Sudmant and colleagues also found that Medawar’s hypothesis does not hold for all tissues. Surprisingly, in five tissue types, evolutionarily important genes were expressed at higher levels in older individuals.

“From an evolutionary perspective, it’s inconceivable that these genes should be turned on, until you take a close look at these tissues,” Sudmant said. These five tissues happen to be the ones that constantly turn over throughout our lives and also produce the most cancers. Every time these tissues are replaced, they risk creating a genetic mutation that can lead to disease.

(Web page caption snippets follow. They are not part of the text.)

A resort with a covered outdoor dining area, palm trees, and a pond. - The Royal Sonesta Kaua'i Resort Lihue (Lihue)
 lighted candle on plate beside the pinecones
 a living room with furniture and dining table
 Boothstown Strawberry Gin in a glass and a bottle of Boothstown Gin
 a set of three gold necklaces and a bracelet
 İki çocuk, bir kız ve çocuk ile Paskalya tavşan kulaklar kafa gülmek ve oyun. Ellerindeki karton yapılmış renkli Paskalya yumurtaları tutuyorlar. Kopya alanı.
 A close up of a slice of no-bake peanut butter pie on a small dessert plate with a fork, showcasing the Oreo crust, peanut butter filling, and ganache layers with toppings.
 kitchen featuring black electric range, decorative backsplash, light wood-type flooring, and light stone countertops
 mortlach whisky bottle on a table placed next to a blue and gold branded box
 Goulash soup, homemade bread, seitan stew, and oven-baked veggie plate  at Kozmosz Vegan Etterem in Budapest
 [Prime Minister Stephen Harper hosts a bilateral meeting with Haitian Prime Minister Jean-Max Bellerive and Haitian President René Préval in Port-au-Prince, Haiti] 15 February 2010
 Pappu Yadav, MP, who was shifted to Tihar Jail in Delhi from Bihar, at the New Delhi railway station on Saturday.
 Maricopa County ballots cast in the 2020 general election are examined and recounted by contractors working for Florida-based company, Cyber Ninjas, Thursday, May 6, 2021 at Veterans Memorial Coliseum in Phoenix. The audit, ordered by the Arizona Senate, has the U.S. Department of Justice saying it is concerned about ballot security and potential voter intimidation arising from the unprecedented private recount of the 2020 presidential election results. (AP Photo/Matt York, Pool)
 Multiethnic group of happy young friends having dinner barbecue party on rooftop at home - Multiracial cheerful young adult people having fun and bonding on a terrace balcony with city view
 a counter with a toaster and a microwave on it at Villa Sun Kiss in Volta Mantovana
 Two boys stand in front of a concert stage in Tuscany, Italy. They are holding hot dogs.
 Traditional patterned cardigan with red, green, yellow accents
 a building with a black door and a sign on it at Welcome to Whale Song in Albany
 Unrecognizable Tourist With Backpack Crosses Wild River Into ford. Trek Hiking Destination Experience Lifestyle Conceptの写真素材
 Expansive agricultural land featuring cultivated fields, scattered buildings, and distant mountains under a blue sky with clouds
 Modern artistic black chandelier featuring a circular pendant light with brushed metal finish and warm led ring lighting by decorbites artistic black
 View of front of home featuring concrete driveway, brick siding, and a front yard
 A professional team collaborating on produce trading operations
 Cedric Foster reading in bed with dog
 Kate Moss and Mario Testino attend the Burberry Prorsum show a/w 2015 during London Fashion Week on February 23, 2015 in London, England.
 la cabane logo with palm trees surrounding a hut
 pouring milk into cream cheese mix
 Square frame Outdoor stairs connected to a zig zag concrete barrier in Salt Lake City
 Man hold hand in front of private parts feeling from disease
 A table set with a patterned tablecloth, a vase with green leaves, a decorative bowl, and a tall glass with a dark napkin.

“I guess that tells us a little bit about the limits of evolution,” he said. “Your blood, for example, must always be multiplying to live, and so these highly conserved, very important genes must be activated late in life. This is problematic because it means that these genes will be prone to somatic mutations and will forever be turned on in a bad, cancerous way. So it gives us a little perspective on what the limitations of life are like. It puts limits on our ability to continue living.”

Sudmant noted that the study indirectly shows the effect on aging of one’s environment, which is the effect of everything besides age and genetics: the air we breathe, the water we drink, the food we eat, but also our levels of physical activity. us exercise. Environment accounts for up to one-third of gene expression changes with age.

Sudmant is conducting similar analyzes of gene expression in several other organisms—bats and mice—to see how they differ and whether the differences relate to the different lifespans of these animals.

UC Berkeley graduate students Ryo Yamamoto and Ryan Chung are first authors of the paper. Other co-authors are Juan Manuel Vazquez, Huanjie Sheng, Philippa Steinberg and Nilah Ioannidis. The work was supported by the National Institute of General Medical Sciences (R35GM142916) of the National Institutes of Health.